ASSIGNED TASK – Only the lines below between the one holding "Kit de fabrication" and the one holding "Rustic Hunting Bear", inclusive, are to be reproduced word for word; the pictures are to be left out.

GIVEN ENTRIES –
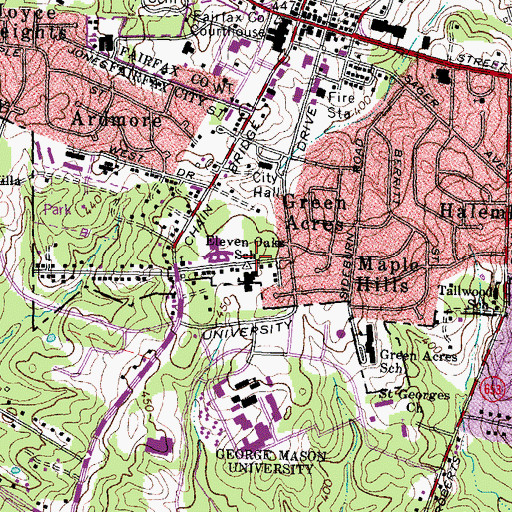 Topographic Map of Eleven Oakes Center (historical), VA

...

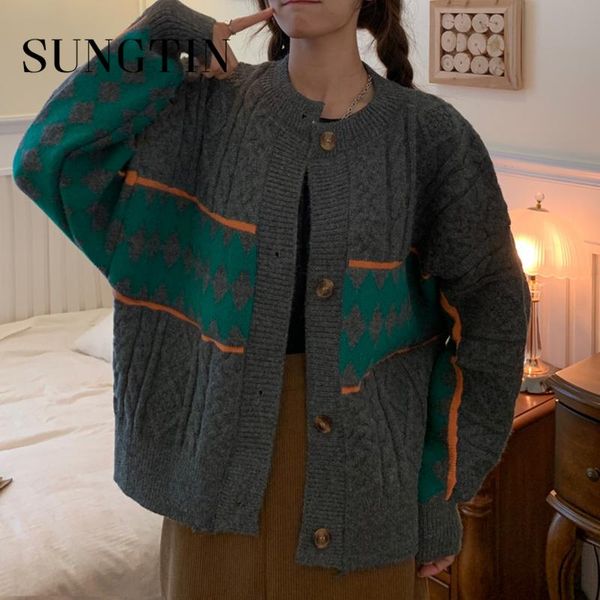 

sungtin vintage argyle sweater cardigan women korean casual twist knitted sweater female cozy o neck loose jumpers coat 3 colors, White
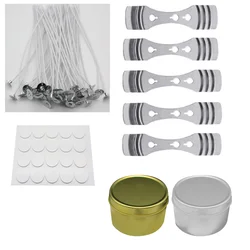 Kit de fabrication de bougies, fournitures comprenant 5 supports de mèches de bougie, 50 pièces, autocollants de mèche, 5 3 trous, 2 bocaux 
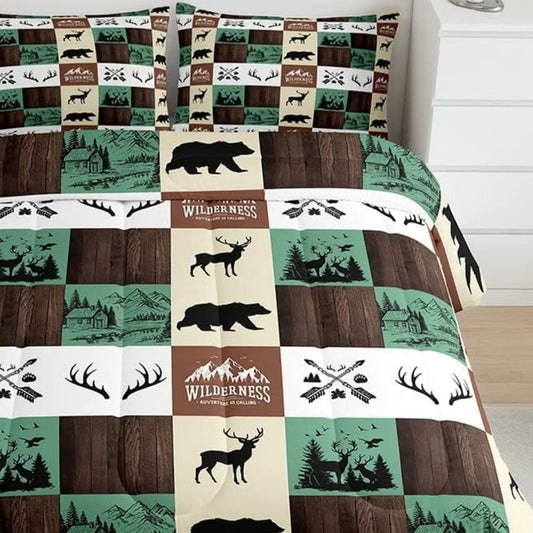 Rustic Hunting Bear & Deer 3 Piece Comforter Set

RESULT BELOW –
 Kit de fabrication de bougies, fournitures comprenant 5 supports de mèches de bougie, 50 pièces, autocollants de mèche, 5 3 trous, 2 bocaux 
 Rustic Hunting Bear & Deer 3 Piece Comforter Set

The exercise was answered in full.